|
Welcome to ShortScience.org! |
|
|
[link]
* Usually GANs transform a noise vector `z` into images. `z` might be sampled from a normal or uniform distribution.
* The effect of this is, that the components in `z` are deeply entangled.
* Changing single components has hardly any influence on the generated images. One has to change multiple components to affect the image.
* The components end up not being interpretable. Ideally one would like to have meaningful components, e.g. for human faces one that controls the hair length and a categorical one that controls the eye color.
* They suggest a change to GANs based on Mutual Information, which leads to interpretable components.
* E.g. for MNIST a component that controls the stroke thickness and a categorical component that controls the digit identity (1, 2, 3, ...).
* These components are learned in a (mostly) unsupervised fashion.
### How
* The latent code `c`
* "Normal" GANs parameterize the generator as `G(z)`, i.e. G receives a noise vector and transforms it into an image.
* This is changed to `G(z, c)`, i.e. G now receives a noise vector `z` and a latent code `c` and transforms both into an image.
* `c` can contain multiple variables following different distributions, e.g. in MNIST a categorical variable for the digit identity and a gaussian one for the stroke thickness.
* Mutual Information
* If using a latent code via `G(z, c)`, nothing forces the generator to actually use `c`. It can easily ignore it and just deteriorate to `G(z)`.
* To prevent that, they force G to generate images `x` in a way that `c` must be recoverable. So, if you have an image `x` you must be able to reliable tell which latent code `c` it has, which means that G must use `c` in a meaningful way.
* This relationship can be expressed with mutual information, i.e. the mutual information between `x` and `c` must be high.
* The mutual information between two variables X and Y is defined as `I(X; Y) = entropy(X) - entropy(X|Y) = entropy(Y) - entropy(Y|X)`.
* If the mutual information between X and Y is high, then knowing Y helps you to decently predict the value of X (and the other way round).
* If the mutual information between X and Y is low, then knowing Y doesn't tell you much about the value of X (and the other way round).
* The new GAN loss becomes `old loss - lambda * I(G(z, c); c)`, i.e. the higher the mutual information, the lower the result of the loss function.
* Variational Mutual Information Maximization
* In order to minimize `I(G(z, c); c)`, one has to know the distribution `P(c|x)` (from image to latent code), which however is unknown.
* So instead they create `Q(c|x)`, which is an approximation of `P(c|x)`.
* `I(G(z, c); c)` is then computed using a lower bound maximization, similar to the one in variational autoencoders (called "Variational Information Maximization", hence the name "InfoGAN").
* Basic equation: `LowerBoundOfMutualInformation(G, Q) = E[log Q(c|x)] + H(c) <= I(G(z, c); c)`
* `c` is the latent code.
* `x` is the generated image.
* `H(c)` is the entropy of the latent codes (constant throughout the optimization).
* Optimization w.r.t. Q is done directly.
* Optimization w.r.t. G is done via the reparameterization trick.

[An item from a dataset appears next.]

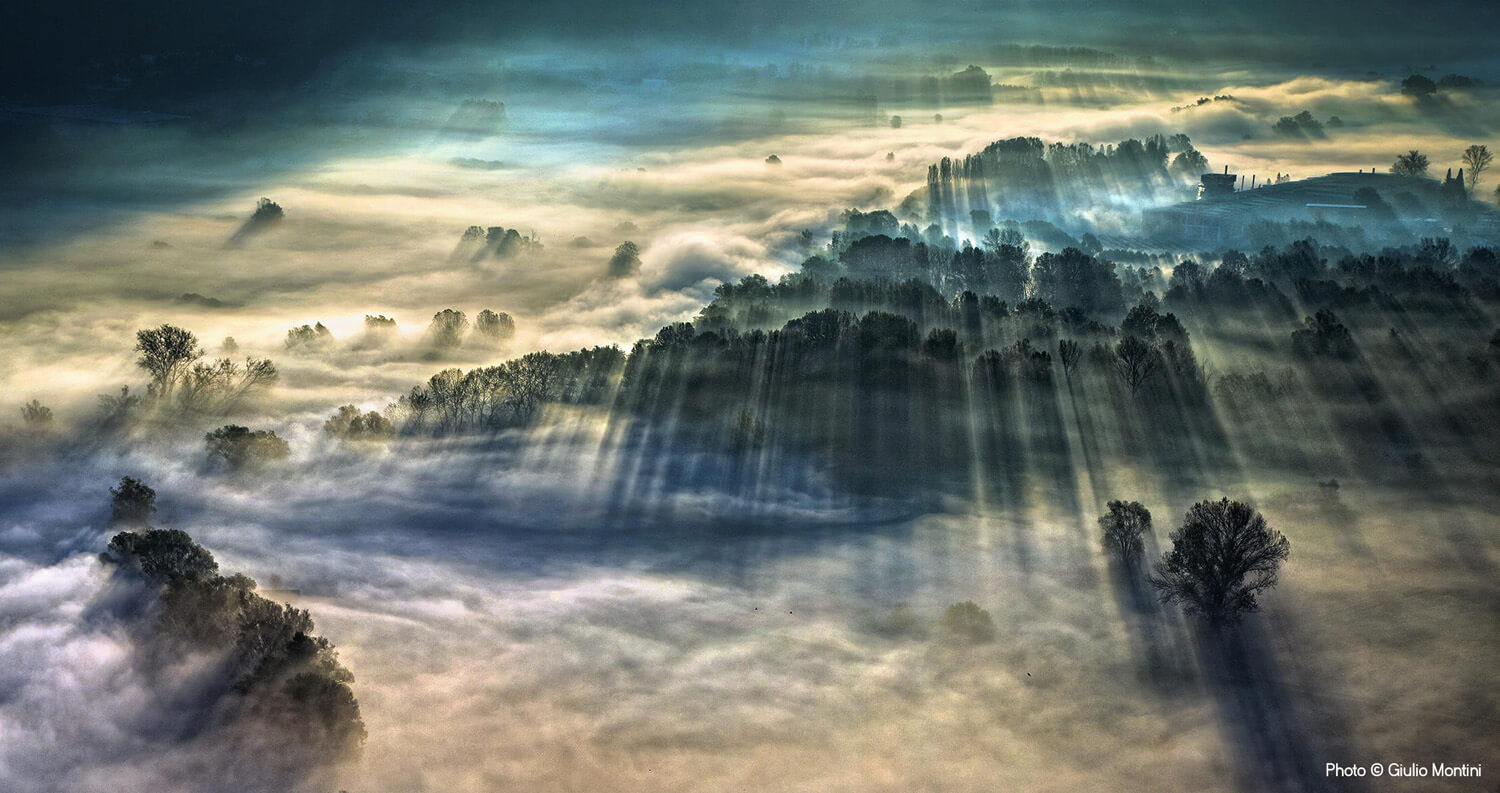 Aerial view of a forest shrouded in mist during sunrise, with rays of light piercing through the tree canopy, creating a serene, ethereal landscape.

* If `Q(c|x)` approximates `P(c|x)` *perfectly*, the lower bound becomes the mutual information ("the lower bound becomes tight").
* In practice, `Q(c|x)` is implemented as a neural network. Both Q and D have to process the generated images, which means that they can share many convolutional layers, significantly reducing the extra cost of training Q.
### Results
* MNIST
* They use for `c` one categorical variable (10 values) and two continuous ones (uniform between -1 and +1).
* InfoGAN learns to associate the categorical one with the digit identity and the continuous ones with rotation and width.
* Applying Q(c|x) to an image and then classifying only on the categorical variable (i.e. fully unsupervised) yields 95% accuracy.
* Sampling new images with exaggerated continuous variables in the range `[-2,+2]` yields sound images (i.e. the network generalizes well).
* 
* 3D face images
* InfoGAN learns to represent the faces via pose, elevation, lighting.
* They used five uniform variables for `c`. (So two of them apparently weren't associated with anything sensible? They are not mentioned.)
* 3D chair images
* InfoGAN learns to represent the chairs via identity (categorical) and rotation or width (apparently they did two experiments).
* They used one categorical variable (four values) and one continuous variable (uniform `[-1, +1]`).
* SVHN
* InfoGAN learns to represent lighting and to spot the center digit.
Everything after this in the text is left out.